Analysis of nearly 30 years of species reintroduction studies using off-the-shelf machine learning, natural language processing and sentiment analysis will help us maximize our conservation dollars and could lead to greater success in species reintroduction.
Researchers are using a kind of machine learning known as sentiment analysis to assess the successes and failures of wildlife conservation over time. In their study, appearing March 19 in Patterns — a new open access data science journal from Cell Press — the researchers assessed the abstracts of more than 4,000 studies of species reintroduction across four decades and found that, generally speaking, we’re getting better and better at reintroducing species to the wild. They say that machine learning could be used in this field and others to identify the best techniques and solutions from among the ever-growing volume of scientific research.
“We wanted to learn some lessons from the vast body of conservation biology literature on reintroduction programs that we could use here in California as we try to put sea otters back into places they haven’t roamed for decades,” says senior author Kyle Van Houtan (@kylevanhoutan), chief scientist at Monterey Bay Aquarium. “But what sat in front of us was millions of words and thousands of manuscripts. We wondered how we could extract data from them that we could actually analyze, and so we turned to natural language processing.”
Natural language processing is a kind of machine learning that analyzes strings of human language to extract usable information, essentially allowing a computer to read documents like a human. Sentiment analysis, which the researchers used in this paper, looks more specifically at a trained set of words that have been assigned a positive or negative emotional value in order to assess the positivity or negativity of the text overall.
The researchers used the database Web of Science to identify 4,313 species reintroduction studies published from 1987 to 2016 with searchable abstracts. Then they used several “off-the-shelf” sentiment analysis lexicons — meaning that the words in them had already been assigned a sentiment score based on things like movie and restaurant reviews — to build a model that could give each abstract an overall score. “We didn’t have to train the models, so after running them for a few hours we all of a sudden had all these results at our disposal,” says Van Houtan. “The scores gave us a trend over time, and we could query the results to see what the sentiment was associated with studies on pandas or on California condors or coral reefs.”
The trends they saw suggested greater conservation success. “Over time, there’s a lot less uncertainty in the assessment of sentiment in the studies, and we see reintroduction projects become more successful — and that’s a big takeaway,” he says. “Looking at thousands of studies, it seems like we’re getting better at it, and that’s encouraging.”
“If we are going to maximize our conservation dollars, then we need to be able to quickly assess what works and what doesn’t,” says study co-author Lucas Joppa, Chief Environmental Officer at Microsoft. “Machine learning, and natural language processing in particular, has the ability to sift through results and shine a light on success stories that others can learn from.”
To ensure their results were accurate, the researchers looked at the most common indicators of positive sentiment (and therefore conservation success) in their results and found words like “success,” “protect,” “growth,” “support,” “help,” and “benefit;” words that indicated negative sentiment were ones like “threaten,” “loss,” “risk,” “threat,” “problem,” and “kill.” These words aligned with what they, as long-time conservation biologists, would typically use to indicate success and failure in their own studies. They also found that trends described by the sentiment analysis for specific reintroduction programs known to be successes or failures (like the reintroduction of the California condor) matched the known outcomes.
The researchers say that off-the-shelf sentiment analysis worked surprisingly well for them, likely because many words used in conservation biology are part of our everyday lexicons and were therefore accurately coded with the appropriate sentiment.
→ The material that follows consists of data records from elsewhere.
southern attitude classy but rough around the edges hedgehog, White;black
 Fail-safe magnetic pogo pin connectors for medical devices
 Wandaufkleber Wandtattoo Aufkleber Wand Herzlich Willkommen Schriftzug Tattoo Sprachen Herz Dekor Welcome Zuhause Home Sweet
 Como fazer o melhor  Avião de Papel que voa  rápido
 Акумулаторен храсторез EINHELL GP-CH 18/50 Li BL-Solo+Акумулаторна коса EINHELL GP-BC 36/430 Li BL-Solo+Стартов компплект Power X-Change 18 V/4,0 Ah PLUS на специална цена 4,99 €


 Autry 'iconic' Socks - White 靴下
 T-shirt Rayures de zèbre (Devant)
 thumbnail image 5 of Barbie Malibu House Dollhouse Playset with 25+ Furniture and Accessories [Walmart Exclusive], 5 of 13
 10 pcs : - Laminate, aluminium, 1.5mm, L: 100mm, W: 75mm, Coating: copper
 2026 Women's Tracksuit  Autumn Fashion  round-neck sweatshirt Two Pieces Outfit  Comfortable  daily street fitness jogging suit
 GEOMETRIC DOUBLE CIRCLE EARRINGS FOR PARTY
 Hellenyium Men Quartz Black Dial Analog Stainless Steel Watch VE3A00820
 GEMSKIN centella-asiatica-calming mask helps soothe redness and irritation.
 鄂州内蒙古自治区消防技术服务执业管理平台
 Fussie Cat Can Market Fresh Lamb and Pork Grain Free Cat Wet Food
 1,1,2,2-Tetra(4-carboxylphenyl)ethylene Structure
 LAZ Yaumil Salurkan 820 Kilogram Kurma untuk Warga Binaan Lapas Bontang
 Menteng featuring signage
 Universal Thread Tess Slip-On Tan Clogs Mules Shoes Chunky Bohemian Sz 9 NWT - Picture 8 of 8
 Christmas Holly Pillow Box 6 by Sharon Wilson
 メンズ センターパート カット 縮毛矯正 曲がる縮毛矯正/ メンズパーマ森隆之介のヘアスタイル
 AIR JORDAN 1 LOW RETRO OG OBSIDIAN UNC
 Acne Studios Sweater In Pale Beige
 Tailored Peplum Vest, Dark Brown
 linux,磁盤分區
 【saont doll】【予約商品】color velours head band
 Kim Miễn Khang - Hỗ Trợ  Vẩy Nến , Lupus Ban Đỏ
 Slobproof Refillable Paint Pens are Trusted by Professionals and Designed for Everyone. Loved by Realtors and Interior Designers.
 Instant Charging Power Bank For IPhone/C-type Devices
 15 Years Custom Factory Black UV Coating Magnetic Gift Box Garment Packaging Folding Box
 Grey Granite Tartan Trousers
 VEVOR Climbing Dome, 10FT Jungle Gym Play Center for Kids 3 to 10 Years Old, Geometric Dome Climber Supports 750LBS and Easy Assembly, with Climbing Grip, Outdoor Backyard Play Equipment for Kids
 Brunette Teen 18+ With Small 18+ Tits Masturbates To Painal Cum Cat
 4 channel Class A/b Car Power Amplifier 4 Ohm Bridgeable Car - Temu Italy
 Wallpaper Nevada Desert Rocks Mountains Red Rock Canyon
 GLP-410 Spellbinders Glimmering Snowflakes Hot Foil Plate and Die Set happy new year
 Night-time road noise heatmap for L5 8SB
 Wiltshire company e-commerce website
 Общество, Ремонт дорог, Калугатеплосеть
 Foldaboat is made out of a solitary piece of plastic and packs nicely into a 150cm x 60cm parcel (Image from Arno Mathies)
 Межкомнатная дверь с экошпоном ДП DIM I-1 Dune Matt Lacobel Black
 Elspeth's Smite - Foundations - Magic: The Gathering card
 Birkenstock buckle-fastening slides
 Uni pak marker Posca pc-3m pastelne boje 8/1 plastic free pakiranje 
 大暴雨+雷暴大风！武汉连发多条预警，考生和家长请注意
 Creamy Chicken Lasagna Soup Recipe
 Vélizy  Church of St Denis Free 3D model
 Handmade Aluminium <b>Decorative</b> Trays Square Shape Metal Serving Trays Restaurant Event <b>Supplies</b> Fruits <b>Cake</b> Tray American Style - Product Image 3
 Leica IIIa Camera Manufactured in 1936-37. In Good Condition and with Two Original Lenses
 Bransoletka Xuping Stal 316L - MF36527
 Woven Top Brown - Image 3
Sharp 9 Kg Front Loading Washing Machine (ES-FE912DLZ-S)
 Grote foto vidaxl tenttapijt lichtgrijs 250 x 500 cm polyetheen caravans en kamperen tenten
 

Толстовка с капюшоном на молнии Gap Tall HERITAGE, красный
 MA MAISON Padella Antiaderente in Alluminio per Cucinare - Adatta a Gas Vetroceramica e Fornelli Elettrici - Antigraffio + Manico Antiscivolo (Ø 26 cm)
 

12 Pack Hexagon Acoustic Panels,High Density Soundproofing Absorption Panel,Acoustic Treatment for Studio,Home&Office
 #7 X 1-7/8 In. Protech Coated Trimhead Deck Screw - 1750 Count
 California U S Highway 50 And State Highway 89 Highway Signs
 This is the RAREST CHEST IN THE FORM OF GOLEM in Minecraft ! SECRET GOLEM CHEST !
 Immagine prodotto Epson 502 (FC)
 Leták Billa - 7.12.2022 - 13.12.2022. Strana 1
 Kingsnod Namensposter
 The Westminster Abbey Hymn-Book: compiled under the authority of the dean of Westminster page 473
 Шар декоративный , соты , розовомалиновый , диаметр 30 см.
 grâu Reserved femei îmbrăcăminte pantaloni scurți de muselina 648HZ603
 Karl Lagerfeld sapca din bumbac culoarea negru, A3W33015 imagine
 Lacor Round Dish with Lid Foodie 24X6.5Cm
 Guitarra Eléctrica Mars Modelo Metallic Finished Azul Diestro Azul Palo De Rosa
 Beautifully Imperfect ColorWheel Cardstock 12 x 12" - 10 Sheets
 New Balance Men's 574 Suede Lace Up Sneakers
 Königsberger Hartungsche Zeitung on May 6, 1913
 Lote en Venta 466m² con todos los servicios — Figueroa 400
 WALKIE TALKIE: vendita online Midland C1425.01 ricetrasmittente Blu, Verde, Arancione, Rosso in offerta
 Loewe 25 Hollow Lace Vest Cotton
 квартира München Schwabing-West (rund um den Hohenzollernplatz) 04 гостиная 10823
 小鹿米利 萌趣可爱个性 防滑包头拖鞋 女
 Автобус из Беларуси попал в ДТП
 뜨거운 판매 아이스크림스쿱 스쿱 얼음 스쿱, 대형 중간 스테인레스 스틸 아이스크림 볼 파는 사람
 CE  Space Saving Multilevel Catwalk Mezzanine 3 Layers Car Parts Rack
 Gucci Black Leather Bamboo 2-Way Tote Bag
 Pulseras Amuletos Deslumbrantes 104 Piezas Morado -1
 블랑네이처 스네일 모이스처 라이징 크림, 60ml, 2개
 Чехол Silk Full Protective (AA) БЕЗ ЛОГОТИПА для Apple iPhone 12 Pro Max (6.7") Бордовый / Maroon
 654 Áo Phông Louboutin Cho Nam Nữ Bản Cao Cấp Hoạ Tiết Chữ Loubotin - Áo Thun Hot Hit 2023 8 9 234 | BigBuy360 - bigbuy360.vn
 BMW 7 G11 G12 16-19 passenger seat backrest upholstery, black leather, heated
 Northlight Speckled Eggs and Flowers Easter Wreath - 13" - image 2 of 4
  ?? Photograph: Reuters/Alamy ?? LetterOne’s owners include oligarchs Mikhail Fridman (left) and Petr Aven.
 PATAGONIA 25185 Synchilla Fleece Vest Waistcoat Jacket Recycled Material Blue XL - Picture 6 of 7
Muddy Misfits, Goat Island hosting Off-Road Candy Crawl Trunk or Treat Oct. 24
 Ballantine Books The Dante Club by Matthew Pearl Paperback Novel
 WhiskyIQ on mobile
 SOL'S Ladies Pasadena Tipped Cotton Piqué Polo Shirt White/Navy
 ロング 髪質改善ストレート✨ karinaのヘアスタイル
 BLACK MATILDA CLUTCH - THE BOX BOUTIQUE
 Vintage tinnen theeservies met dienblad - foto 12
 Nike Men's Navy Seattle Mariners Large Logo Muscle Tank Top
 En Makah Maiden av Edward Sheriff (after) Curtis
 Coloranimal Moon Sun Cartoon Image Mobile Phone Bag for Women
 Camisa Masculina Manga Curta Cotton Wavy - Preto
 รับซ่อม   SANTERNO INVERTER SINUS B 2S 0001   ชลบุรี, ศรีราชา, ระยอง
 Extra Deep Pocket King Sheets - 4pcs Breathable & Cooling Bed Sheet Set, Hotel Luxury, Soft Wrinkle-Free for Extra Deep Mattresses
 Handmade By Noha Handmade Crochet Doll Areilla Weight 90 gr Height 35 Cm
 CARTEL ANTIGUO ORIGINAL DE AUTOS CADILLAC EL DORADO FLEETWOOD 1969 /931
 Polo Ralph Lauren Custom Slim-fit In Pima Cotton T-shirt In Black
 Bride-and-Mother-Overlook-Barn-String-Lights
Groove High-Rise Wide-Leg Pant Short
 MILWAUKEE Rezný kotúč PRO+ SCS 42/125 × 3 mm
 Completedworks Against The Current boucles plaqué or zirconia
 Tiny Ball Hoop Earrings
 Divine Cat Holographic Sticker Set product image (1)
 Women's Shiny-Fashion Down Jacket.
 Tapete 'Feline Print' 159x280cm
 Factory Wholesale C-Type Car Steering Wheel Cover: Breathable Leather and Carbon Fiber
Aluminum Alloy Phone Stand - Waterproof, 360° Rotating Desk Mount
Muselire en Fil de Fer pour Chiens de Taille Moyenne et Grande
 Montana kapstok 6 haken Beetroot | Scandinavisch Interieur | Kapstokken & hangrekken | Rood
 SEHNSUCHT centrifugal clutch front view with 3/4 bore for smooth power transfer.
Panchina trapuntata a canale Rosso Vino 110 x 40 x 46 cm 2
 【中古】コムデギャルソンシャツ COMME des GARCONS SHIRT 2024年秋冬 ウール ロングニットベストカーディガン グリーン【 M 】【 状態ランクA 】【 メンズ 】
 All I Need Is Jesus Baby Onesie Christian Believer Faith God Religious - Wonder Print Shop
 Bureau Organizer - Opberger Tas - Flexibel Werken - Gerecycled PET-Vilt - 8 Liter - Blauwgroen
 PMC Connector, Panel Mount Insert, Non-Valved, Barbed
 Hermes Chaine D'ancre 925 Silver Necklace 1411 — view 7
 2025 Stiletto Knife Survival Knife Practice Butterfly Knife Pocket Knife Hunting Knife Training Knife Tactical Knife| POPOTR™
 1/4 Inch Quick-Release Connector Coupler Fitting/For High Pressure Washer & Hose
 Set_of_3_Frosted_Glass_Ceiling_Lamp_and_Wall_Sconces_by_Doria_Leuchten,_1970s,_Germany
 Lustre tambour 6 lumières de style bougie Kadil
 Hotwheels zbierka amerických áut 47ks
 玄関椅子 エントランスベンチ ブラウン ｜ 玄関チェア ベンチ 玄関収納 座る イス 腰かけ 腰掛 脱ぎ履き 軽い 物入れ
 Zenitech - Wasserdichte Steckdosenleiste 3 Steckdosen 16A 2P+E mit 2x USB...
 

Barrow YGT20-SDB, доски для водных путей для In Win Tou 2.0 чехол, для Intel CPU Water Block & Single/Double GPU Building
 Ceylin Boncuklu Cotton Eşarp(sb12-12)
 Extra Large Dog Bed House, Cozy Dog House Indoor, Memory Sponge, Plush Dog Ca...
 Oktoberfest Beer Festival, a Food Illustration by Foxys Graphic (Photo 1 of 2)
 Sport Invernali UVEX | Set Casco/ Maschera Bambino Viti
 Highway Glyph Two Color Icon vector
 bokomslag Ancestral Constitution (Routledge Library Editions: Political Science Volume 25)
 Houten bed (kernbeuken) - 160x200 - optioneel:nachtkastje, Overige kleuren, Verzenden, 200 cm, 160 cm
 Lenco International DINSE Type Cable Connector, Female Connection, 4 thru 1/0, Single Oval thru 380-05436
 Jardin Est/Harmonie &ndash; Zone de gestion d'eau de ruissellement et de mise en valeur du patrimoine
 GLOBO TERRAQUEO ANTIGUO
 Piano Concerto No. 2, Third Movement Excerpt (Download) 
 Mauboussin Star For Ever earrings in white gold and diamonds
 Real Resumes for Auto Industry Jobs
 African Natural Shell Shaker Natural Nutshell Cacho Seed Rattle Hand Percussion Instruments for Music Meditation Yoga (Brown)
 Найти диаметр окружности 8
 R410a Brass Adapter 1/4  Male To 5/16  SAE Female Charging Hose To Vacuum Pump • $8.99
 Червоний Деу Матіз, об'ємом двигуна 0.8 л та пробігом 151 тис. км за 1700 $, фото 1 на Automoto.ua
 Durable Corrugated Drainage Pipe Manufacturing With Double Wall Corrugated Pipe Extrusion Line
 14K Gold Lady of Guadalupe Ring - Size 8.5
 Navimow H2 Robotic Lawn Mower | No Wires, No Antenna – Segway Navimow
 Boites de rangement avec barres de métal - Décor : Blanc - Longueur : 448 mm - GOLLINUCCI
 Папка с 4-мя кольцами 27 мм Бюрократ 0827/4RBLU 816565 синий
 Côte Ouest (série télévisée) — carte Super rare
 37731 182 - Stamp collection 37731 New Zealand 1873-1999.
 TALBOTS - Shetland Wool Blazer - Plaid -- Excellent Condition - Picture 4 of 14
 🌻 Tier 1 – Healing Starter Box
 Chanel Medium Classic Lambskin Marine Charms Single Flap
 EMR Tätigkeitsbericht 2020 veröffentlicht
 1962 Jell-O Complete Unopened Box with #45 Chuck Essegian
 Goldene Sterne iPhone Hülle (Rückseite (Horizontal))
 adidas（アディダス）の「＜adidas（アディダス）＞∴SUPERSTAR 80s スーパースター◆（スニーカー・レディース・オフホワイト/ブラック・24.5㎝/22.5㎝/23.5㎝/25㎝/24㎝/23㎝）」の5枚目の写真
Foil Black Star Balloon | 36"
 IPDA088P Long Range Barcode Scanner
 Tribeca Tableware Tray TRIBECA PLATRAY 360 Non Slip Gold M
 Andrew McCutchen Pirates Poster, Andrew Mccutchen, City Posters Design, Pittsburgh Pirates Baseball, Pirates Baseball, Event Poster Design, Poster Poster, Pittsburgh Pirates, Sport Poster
In other fields, they think more work would need to be done to develop and train a model that could accurately code the sentiment of more technical, field-specific language and syntax. Another constraint, they say, is that only a limited number of the papers they sought to analyze were open access, which meant they had to assess abstracts rather than full papers. “We’re really just scratching the surface here, but this is definitely a step in the right direction,” says Van Houtan.
Still, they do think this is a technique that can and should be applied more broadly in both conservation biology and other fields to make sense of the vast amounts of research that’s now being conducted and published. “So much local conservation work goes unnoticed by the global conservation community, and this paper shows how machine learning can help close that information gap,” says Joppa.
“Many of these techniques have been in use for over a decade in commercial settings, but we’re hoping to translate them into settings like ours to combat climate change or plastic pollution or to promote endangered species conservation,” Van Houtan says. “There’s a plethora of data that’s right at our fingertips, but it’s this sleeping giant because it isn’t properly curated or organized, which makes it challenging to analyze. We want to connect people with ideas, capacity, and technical solutions they might not otherwise encounter so we can bring some progress to these seemingly intractable problems.”